Das frühbarocke Tábor-Tor (Táborská brána) aus dem Jahr 1655 ist der Zugang zu den vorgeschobenen Festungsanlagen im Süden. Kurz dahinter kann man noch Teile der alten Festungsanlage erkennen, darunter auch die Überreste des gotischen Špička-Tors. Das Leopold-Tor (Leopoldova brána) von 1678 gehört bereits zur barocken Zitadelle. Kurz danach erhebt sich rechts des Weges mit der St. Martinsrotunde (Rotunda sv. Martina) aus der zweiten Hälfte des 11. Jhs. das älteste Gebäude der Anlage. Die Kirche St. Peter und Paul (Kostel sv. Petra a Pavla) erhebt sich über den Resten einer romanischen Basilika aus dem 11. Jh. und wurde im Laufe der Jahrhunderte mehrfach erneuert, zuletzt Ende des 19. / Anfang des 20. Jhs. Damals entstanden auch die beiden neogotischen Türme, die die Silhouette des Vyšehrad nachhaltig prägen. Von Interesse im Inneren sind ein gotisches Tafelbild aus der zweiten Hälfte des 14. Jhs. (dritte Kapelle im südlichen Seitenschiff), die so genannte "Regenmadonna", die bei lang anhaltender Trockenheit angefleht wurde, sowie ein Steinsarkophag aus der ersten Hälfte des 12. Jhs., in dem einer der Přemyslidenherrscher beigesetzt sein soll (erste Kapelle des südlichen Seitenschiffs).

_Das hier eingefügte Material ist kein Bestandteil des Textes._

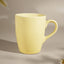 Solid Yellow Ceramic Coffee Mug - The Golden Theory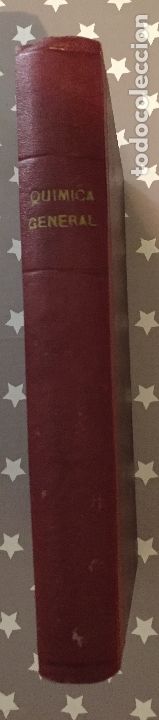 Libros antiguos: QUIMICA GENERAL Compendio, Pedro Marcolain 1916 - Foto 1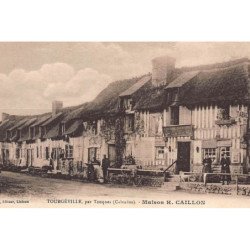 TOURGEVILLE : maison H. Caillon - tres bon etat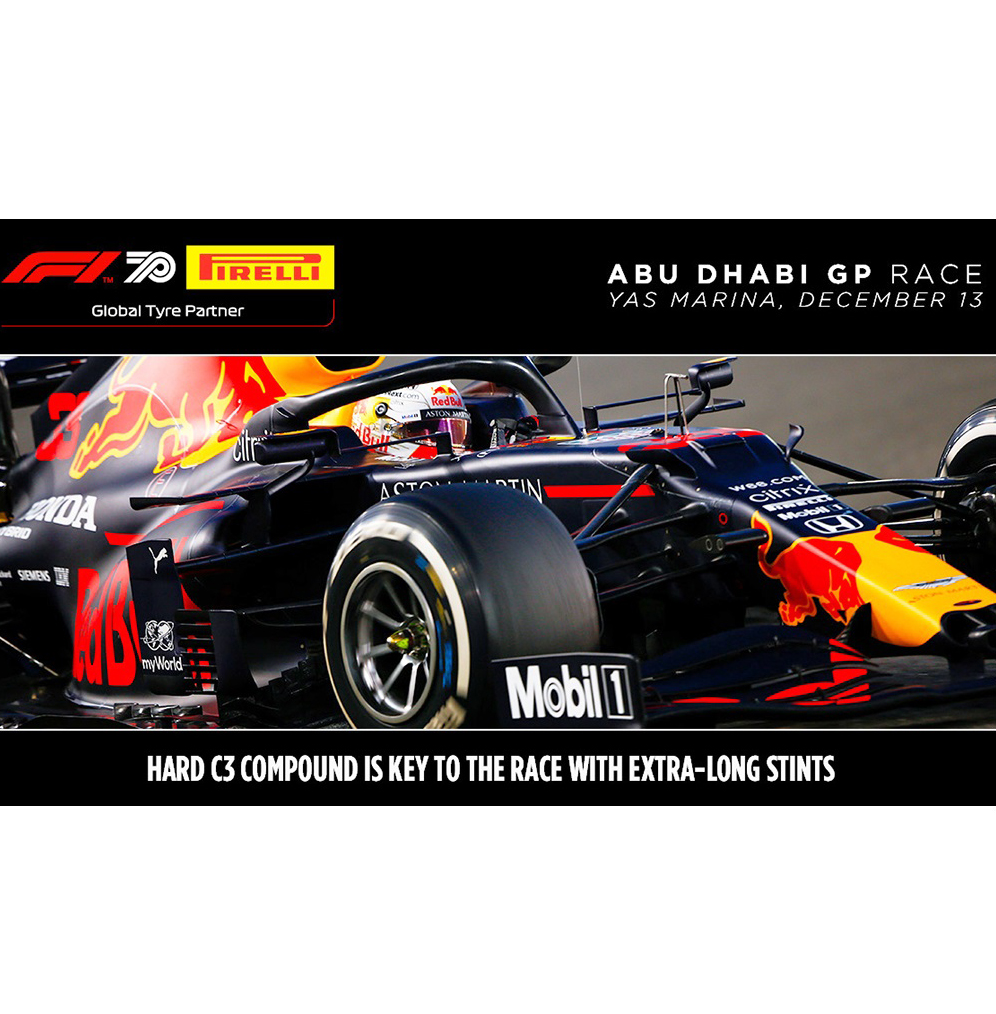 Verstappen remporte le dernier GP de la saison à Abu Dhabi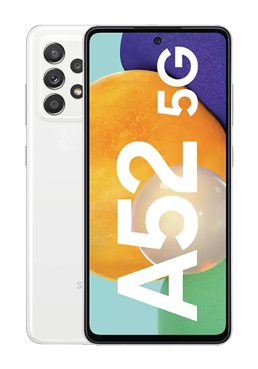 Samsung Galaxy A52 5G 256GB, Awesome White, A526B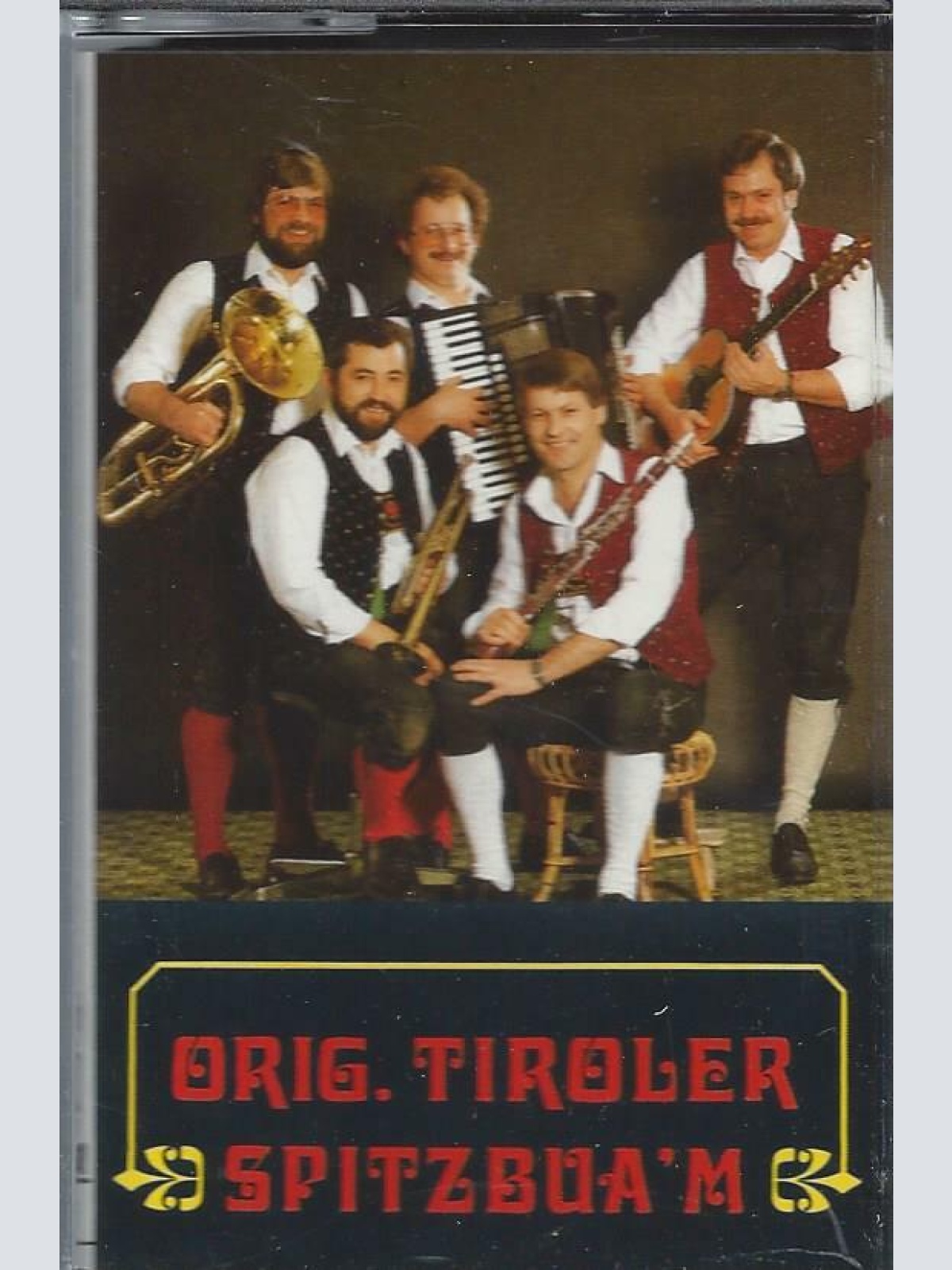 MC--Orig. Tiroler Spitzbuam --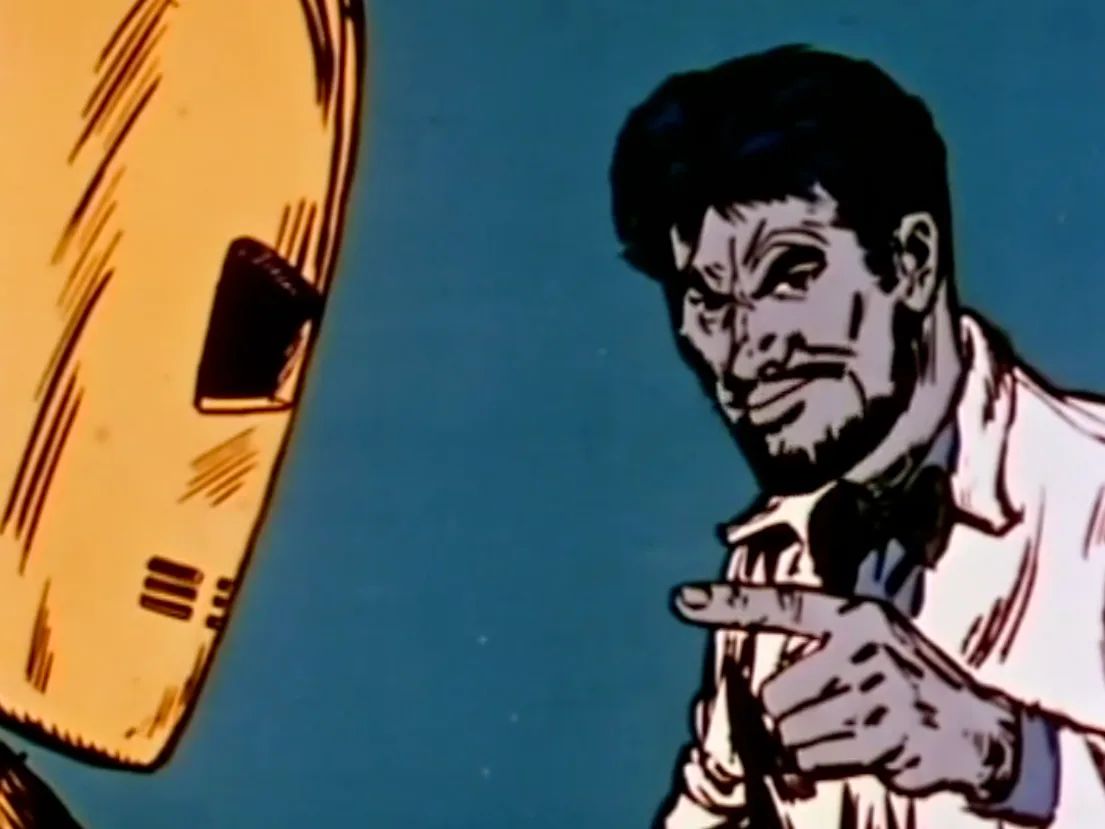 Grogor and Iron Man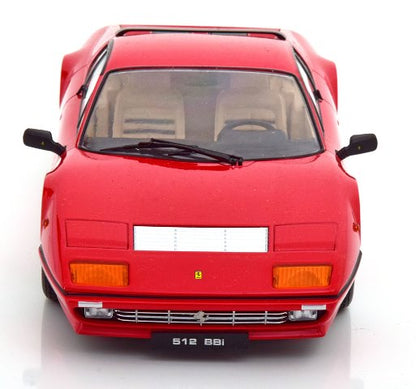 KKDC180541 KK scale 1:18 Ferrari 512 BBi 1981 Red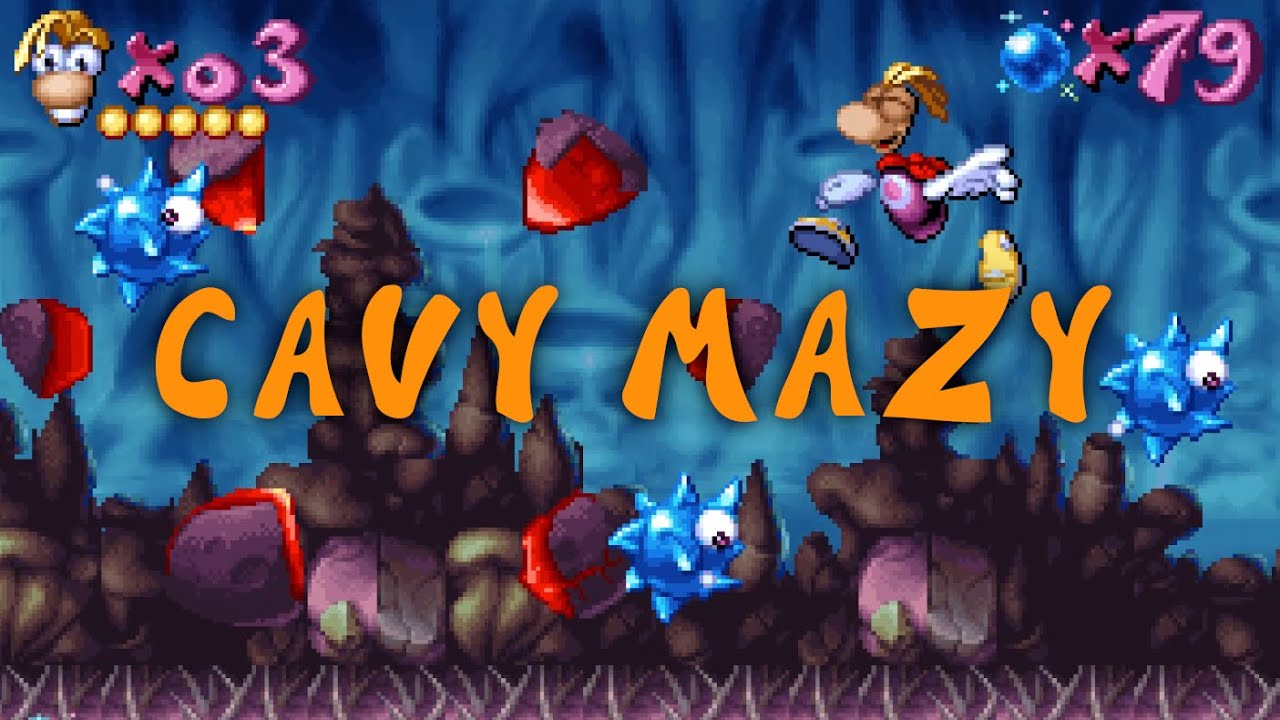 Rayman Designer - Cavy Mazy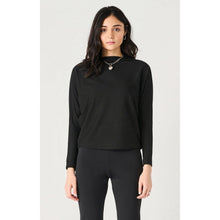 Load image into Gallery viewer, DX Mock Neck Ribbed Top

Der an die Kirche anschließende Ehrenfriedhof dient nicht nur als letzte Ruhestätte zahlreicher namhafter Tschechen, viele der Grabstätten sind selbst kleine Kunstwerke. Die Liste berühmter Namen ist lang: Komponisten wie Antonín Dvořák, und Bedřich Smetana, Schriftsteller wie Božena Němcová, Karel Čapek, Jan Neruda, Svatopluk Čech und Vítěszlav Nezval oder Maler wie Mikoláš Aleš und Alfons Mucha gehören dazu. Am südöstlichen Ende des Friedhofs erhebt sich die monumentale Ehrengruft, der Slavín, in der herausragendne Personen der tschechischen Kulturgeschichte begraben liegen, darunter Alfons Mucha, Josef Václav Myslbek, Ladislav Šaloun, Jan Štursa, Jan Vrchlický und F.E.Burian. Zwie Frauenfiguren verkörpern die "Jubelnde" und die "Trauernde Heimat".

Ein Barockportal führt in die Vyšehrader Anlagen auf der anderen Seite der Kirche. Die vier Figurengruppen von Josef Myslbek, Gestalten aus der tschechischen Sagenwelt, darunter Libussa und Přemysl, zierten einst die Palacký-Brücke.

Vorbei an einer alten Brunnenanlage kommt man zu einem stark zerstörten Wachgebäude, im Volksmund Libussas Bad genannt. Hier soll die legendäre Seherin mit ihren "Gespielen" gebadet haben - um sie durch einen Felsspalt in die Moldau zu stoßen, wenn sie ihrer überdrüssig war. In schnöder Realität war der Vorsprung hoch über der Moldau wohl eher ein einfacher Ausguck. Außerdem wurden durch die Spalte Lebensmittel, die von Schiffen über die Moldau gebracht wurden, zur Burg hinaufgezogen. In einer Galerie gleich daneben wird zeitgenössische Malerei ausgestellt. Der südliche Teil der Verteidigungsanlage erlaubt einen weiten Blick auf die Moldau und große Teile Prags.

Eine kleine Ausstellung zur Geschichte der Festung findet man im Ziegeltor.

Liebhaber moderner Architektur des 20. Jhs. finden auf dem Rückweg unterhalb des Vyšehrad einige interessante Bauten. Das Eckhaus Přemyslova / Neklanova (Nr. 30) stammt von dem wohl radikalsten tschechischen Vertreter des Kubismus, Josef Chochol. Zur gleichen Zeit (1911-13) errichtete er ganz in der Nähe weitere kubistische Gebäude: In der Libušina Nr. 3 sowie, direkt an der Moldau, Rašínovo nabřeží Nr. 10 ein aus drei Häusern bestehendes Objekt mit einer Figurengruppe am Dach.